Ce phénomène, qui n’est pas nouveau, est particulier parce qu’il allie son caractère intra-européen massif à une composition de la main-d’œuvre où le poids de celle qualifiée est plus important que par le passé. Le coût de production de cette main-d’œuvre a été assuré en grande partie par le budget de l’Etat portugais, à la faveur de la révolution qui a vu naître un système de santé et une école publique accessibles à tous les citoyens.
Ce paradoxe, loin d’être un dégât collatéral, s’inscrit dans le processus de transfert d’accumulation en cours, du travail vers le capital et de la périphérie vers le centre. Aux conséquences dévastatrices pour le Portugal, ce phénomène, qui peut bénéficier les pays du centre, n’est pas sans provoquer des dégâts majeurs au niveau des salariés de ces pays, concurrencés par une main-d’œuvre qui travaillant moins cher, pour une qualification identique, voire supérieure, exerce une pression intolérable sur les salaires.
Les exemples ne manquent pas : enseignantes devenues concierges dans les beaux quartiers parisiens, diplômés de l’enseignement supérieur travaillant comme manœuvres dans le bâtiment, architectes et ingénieurs exerçant leur métier sous couvert d’autres qualifications avec des salaires de 20% à 30% inférieures à ceux de leurs homologues. Et que dire des travailleurs non qualifiés, qui constituent la grande masse des travailleurs exportés par le Portugal, aux salaires et situations de misère ?
Encore n’avons-nous pas parlé de ces travailleurs dits détachés qui sont légion dans le bâtiment : la «découverte» récente de soixante ouvriers portugais travaillant à 2,06 euros de l’heure en Belgique a même ému le Premier ministre belge qui a crié au dumping salarial, comme si ce dernier n’avait pas été rendu possible par les textes européens, dans lesquels l’harmonisation sociale est absente.

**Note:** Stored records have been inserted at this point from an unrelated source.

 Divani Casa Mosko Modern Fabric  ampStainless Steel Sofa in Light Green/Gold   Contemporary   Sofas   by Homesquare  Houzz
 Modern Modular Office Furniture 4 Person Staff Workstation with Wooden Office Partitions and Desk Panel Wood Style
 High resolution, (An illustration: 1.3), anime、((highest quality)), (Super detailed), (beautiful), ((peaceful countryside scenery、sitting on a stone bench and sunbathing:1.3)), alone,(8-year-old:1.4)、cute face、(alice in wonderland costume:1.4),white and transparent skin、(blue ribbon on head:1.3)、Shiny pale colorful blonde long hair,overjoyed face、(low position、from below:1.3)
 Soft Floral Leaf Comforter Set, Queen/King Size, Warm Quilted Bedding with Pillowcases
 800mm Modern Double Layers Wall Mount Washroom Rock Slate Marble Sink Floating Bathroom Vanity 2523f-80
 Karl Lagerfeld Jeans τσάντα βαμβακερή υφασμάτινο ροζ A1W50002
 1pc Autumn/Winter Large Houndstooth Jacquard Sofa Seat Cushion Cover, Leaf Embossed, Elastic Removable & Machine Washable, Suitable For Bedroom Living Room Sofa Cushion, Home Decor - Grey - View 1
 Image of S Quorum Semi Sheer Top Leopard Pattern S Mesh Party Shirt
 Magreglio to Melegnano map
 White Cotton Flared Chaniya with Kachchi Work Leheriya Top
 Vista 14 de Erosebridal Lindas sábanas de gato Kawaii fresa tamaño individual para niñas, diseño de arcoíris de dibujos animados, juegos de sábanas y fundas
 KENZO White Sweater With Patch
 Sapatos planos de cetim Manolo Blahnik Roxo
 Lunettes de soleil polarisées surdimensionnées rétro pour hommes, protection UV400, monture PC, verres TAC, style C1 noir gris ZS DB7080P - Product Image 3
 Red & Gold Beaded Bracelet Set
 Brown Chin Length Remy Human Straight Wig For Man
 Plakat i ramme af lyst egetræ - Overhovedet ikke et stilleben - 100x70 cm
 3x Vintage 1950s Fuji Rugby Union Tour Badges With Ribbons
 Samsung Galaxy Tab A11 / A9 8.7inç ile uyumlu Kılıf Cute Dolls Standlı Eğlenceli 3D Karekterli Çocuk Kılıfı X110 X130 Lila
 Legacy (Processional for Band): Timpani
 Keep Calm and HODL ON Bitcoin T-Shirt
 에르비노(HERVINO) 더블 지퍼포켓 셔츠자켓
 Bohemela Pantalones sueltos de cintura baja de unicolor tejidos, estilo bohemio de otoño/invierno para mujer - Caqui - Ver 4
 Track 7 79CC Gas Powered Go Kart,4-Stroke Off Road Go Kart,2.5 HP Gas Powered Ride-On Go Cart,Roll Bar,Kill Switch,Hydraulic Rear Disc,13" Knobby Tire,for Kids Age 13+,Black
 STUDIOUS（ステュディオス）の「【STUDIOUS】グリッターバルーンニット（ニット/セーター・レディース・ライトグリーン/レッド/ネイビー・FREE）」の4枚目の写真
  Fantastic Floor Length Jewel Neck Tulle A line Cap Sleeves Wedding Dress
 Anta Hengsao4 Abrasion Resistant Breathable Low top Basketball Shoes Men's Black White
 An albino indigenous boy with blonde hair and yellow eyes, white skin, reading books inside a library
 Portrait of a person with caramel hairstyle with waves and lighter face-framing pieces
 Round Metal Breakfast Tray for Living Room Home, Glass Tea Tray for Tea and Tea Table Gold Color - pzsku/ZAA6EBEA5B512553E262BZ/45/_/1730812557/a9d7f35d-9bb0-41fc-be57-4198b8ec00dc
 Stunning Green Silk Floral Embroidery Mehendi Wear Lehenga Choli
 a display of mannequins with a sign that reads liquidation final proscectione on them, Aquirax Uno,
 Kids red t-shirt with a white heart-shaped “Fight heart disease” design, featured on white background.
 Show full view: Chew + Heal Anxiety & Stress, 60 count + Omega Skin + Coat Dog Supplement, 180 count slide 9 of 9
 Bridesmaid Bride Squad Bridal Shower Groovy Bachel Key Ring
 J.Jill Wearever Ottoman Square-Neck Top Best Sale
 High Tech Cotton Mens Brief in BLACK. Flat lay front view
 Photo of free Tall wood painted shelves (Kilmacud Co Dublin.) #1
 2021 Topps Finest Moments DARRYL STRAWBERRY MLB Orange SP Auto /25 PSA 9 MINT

Les politiques de la troïka ont permis d’ouvrir grand la porte de cette immense braderie sociale qu’est devenue l’Europe où se pressent des milliers d’hommes et de femmes que le Portugal a expulsés de leur propre pays, tandis que dans le même temps il y attire les retraités aisés du centre, par des exemptions fiscales prometteuses de retraites dorées.
(1) On évalue à un demi-million le nombre de portugais ayant émigré après la crise.